February 26, 5PM – 7PM • Seaside Institute, Seaside, FL | Benefiting Alaqua Animal Refuge
Jamie Zimchek: Narrative Abstracts
On Sunday, February 26, please join us from 5PM – 7PM at the Seaside Institute to view the NARRATIVE ABSTRACTS series by artist Jamie Zimchek, benefiting Alaqua Animal Refuge. As part of the evening, Andrès Duany, founder of New Urbanism, will speak about the imminent challenges and prospects of an authentic, non-commercial arts culture along Scenic Highway 30A.
A community affair in support of the arts and new urbanism, Dan Bailey, owner of Amavida Coffee will serve his traditional community paella alongside Jenifer Kuntz, owner of Raw & Juicy, who is baking up and bringing guilt-free Mudslide Pie and vegan chocolate chip cookies. Frasier Hansen owner of Idyll Hounds Brewery will be serving his locally brewed beer. Lyndon Jackson, son of local singer-songwriting legend, Tim Jackson, will be photographing the evening. Kristeena Gearheart is bringing in the sounds as DJ Lady Muse. There will also be wine, water and good times for all.

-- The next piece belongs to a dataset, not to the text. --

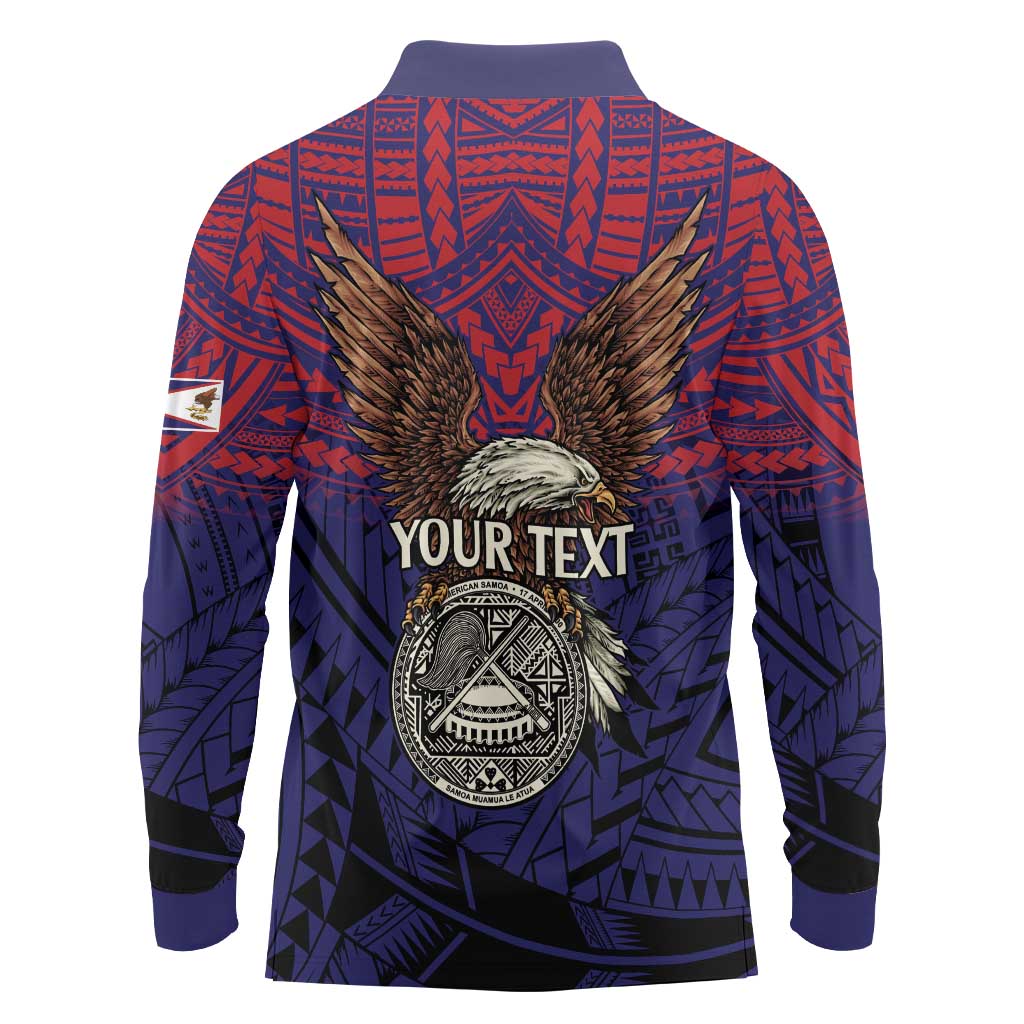 American Samoa Brave Eagle Personalized Long Sleeve Polo Shirt National Flag Color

Works of art from Jamie’s NARRATIVE ABSTRACTS series range from $200 to $4,000 and will include paintings of Scenic Highway 30A and the new urbanist towns of Seaside, Rosemary Beach and Alys Beach. Proceeds benefit the artist, the event, and Alaqua Animal Refuge – a private, nonprofit animal sanctuary committed to serving the Emerald Coast as the premier no-kill refuge, providing protection, shelter and care to animals in need; a full-service animal adoption center; and a peaceful, proactive animal welfare advocate through educational outreach and community programs.
The Seaside Institute is dedicated to engagement, arts, education, and innovation and serves as the center of civic debate, creative expression, intellectual nourishment, and advanced thinking along Scenic Highway 30A, as well as serving as a national platform for education in New Urbanism.

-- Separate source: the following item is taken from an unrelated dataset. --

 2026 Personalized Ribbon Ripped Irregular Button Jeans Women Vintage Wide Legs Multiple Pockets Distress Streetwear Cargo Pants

The Seaside Institute is located at 138 Smolian Circle at Assembly Hall, on the north side of the Lyceum – across the green from the Seaside School. Text or call Anne Hunter at 214-641-1048 for directions or more information.
About the Artist:
Jamie Zimchek was born near Sacramento, California in 1978. She received a BA in Humanities at Newbold College in the UK in 1998, and her MA in Middle East & Mediterranean Studies from King’s College London in 1999. She worked as a freelance photographer, journalist, and college lecturer in both the U.S. and the U.K., supplemented by extensive solo travels through Asia, Africa, the Caribbean, South America, and Europe, before returning to the United States nearly a decade later. Her travel photography and writing have appeared in international magazines, newspapers, and online travel guides; her graphic design work included commissions from the Ethiopian Ambassador to the US. She has painted in oil since her late teens, but it wasn’t until 2008 that she truly transitioned to fine art alone, with work exhibited at Gallery 5 in Richmond, VA and the Baron & Ellie Gordon Galleries in Norfolk, VA, as well as private collections world-wide. Her nomadic instincts, love for design, and history-oriented background heavily inform a multi-media approach that seeks to provide fresh perspective on traditional ideas of beauty and truth. Zimchek’s fine art focus could be described as a mélange of minimalist landscapes and mixed media abstracts that explore the interplay of ideas as they impact the context of memory, time, and place. Her accessory line includes hand painted silk scarves and minimalist jewelry designs in fine metals, both heavily influenced by art and architecture. Her works are collected internationally and locally represented by the Newbill Collection off Ruskin Place in Seaside.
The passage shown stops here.